2. De Inspecteur heeft gesteld dat belanghebbende weinig tot geen risico heeft gelopen, dat hij steeds voor het geven van rijles in opdracht heeft gewerkt voor één opdrachtgever, dat hij maandelijks een vaste vergoeding per uur declareerde bij de opdrachtgever, dat hij de eventueel van leerlingen contant ontvangen lesgelden afdroeg aan de opdrachtgever, dat hij niet over bedrijfsmiddelen beschikte en dat hij niet zelfstandig naar buiten trad. Belanghebbende heeft deze stellingen niet, althans onvoldoende, bestreden.
3. De Inspecteur heeft op grond daarvan terecht geoordeeld dat belanghebbendes activiteiten als rij-instructeur niet in het kader van een onderneming hebben plaatsgevonden. Belanghebbende kan mitsdien niet worden aangemerkt als ondernemer. De opbrengsten zijn door de Inspecteur terecht aangemerkt als inkomsten uit arbeid buiten dienstbetrekking.
4. In dat geval heeft belanghebbende geen recht op toepassing van de zelfstandigenaftrek. Het beroep kan derhalve niet slagen.
slotsom:
Het beroep is ongegrond.
proceskosten:
Het Hof acht geen termen aanwezig voor een kostenveroordeling als bedoeld in artikel 8:75 van de Algemene wet bestuursrecht.
beslissing:
Het Gerechtshof verklaart het beroep ongegrond.
Aldus gedaan op 13 maart 2003 door mr. J. Lamens, lid van de zesde enkelvoudige belastingkamer, in tegenwoordigheid van mr. M.M. Nuboer als griffier.
Waarvan opgemaakt dit proces-verbaal.
De griffier, Het lid van de voormelde kamer,
(M.M. Nuboer) (J. Lamens)
De beslissing is in het openbaar uitgesproken en afschriften zijn aangetekend per post verzonden op 18 maart 2003
Tegen deze mondelinge uitspraak is geen beroep in cassatie mogelijk; dat kan alleen tegen een schriftelijke uitspraak van het Gerechtshof.

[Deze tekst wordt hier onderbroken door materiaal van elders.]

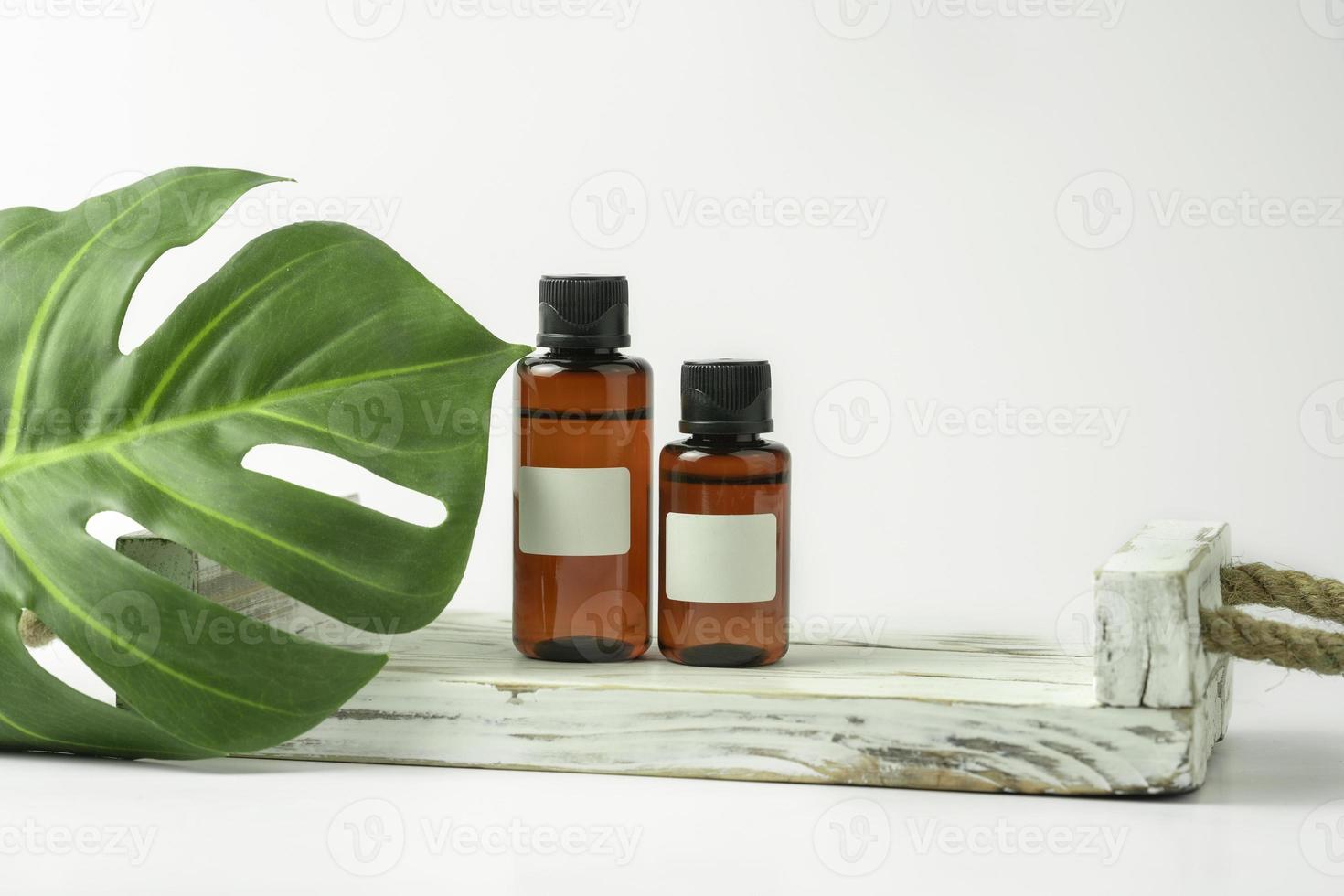 CBD hair natural oil or serum standing on the white wooden tray photo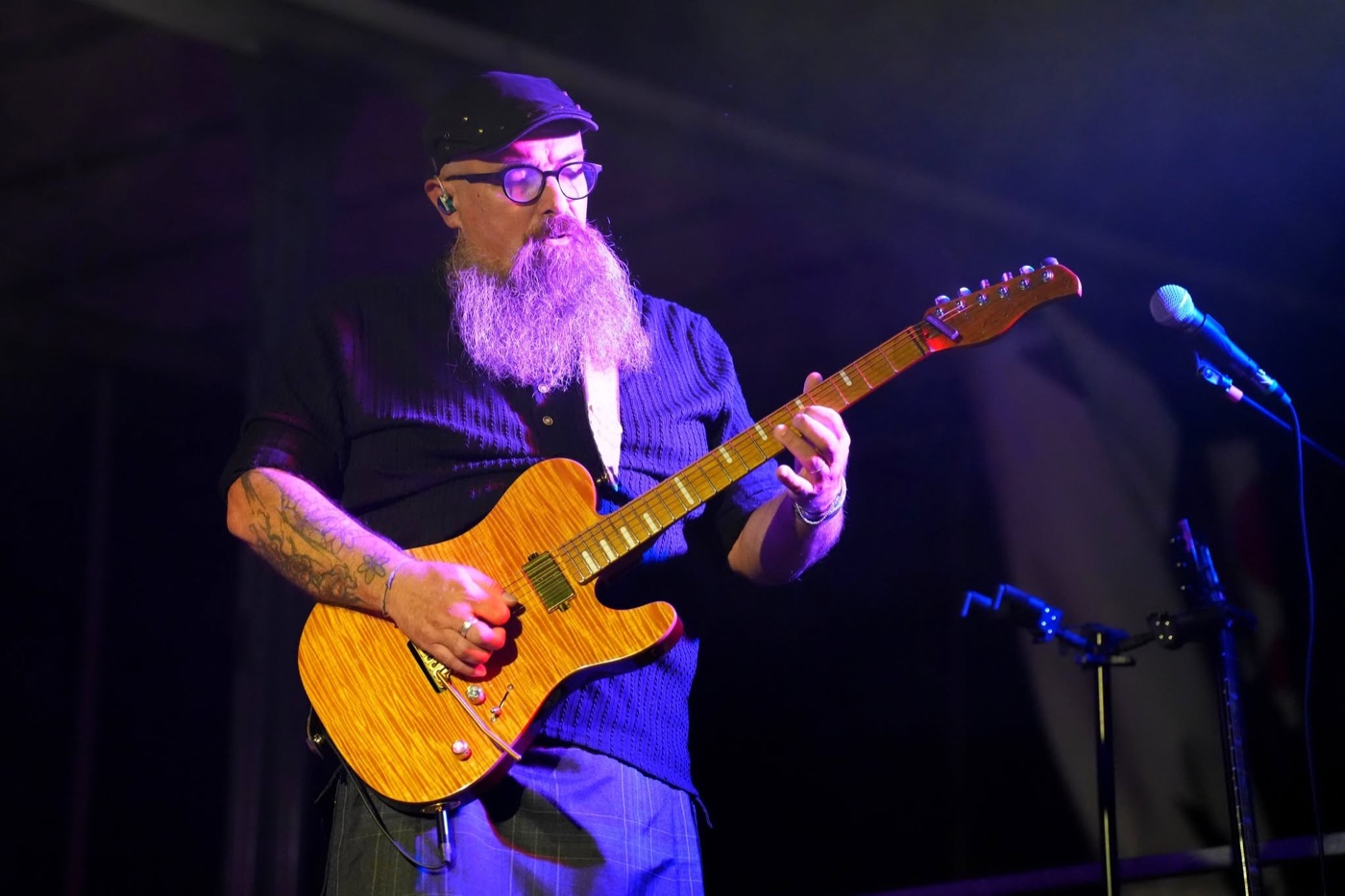 Guitariste de PINK GORILLA jouant une guitare couleur bois sous un éclairage violet.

Ieder van de partijen kan binnen vier weken na de verzenddatum van dit proces-verbaal het Gerechtshof verzoeken de mondelinge uitspraak te vervangen door een schriftelijke. De vervanging van een mondelinge uitspraak door een schriftelijke strekt ertoe de mondelinge uitspraak in een andere vorm vast te leggen. Bij de vervanging van een mondelinge uitspraak mag het Gerechtshof de gedane uitspraak niet aan een heroverweging onderwerpen.
De partij die om een vervangende schriftelijke uitspraak verzoekt is hiervoor griffierecht verschuldigd en krijgt daarover bericht van de griffier. Het griffierecht dat de belanghebbende betaalt ter verkrijging van een schriftelijke uitspraak, komt in mindering op het griffierecht dat de griffier van de Hoge Raad zal heffen als de belanghebbende beroep in cassatie instelt.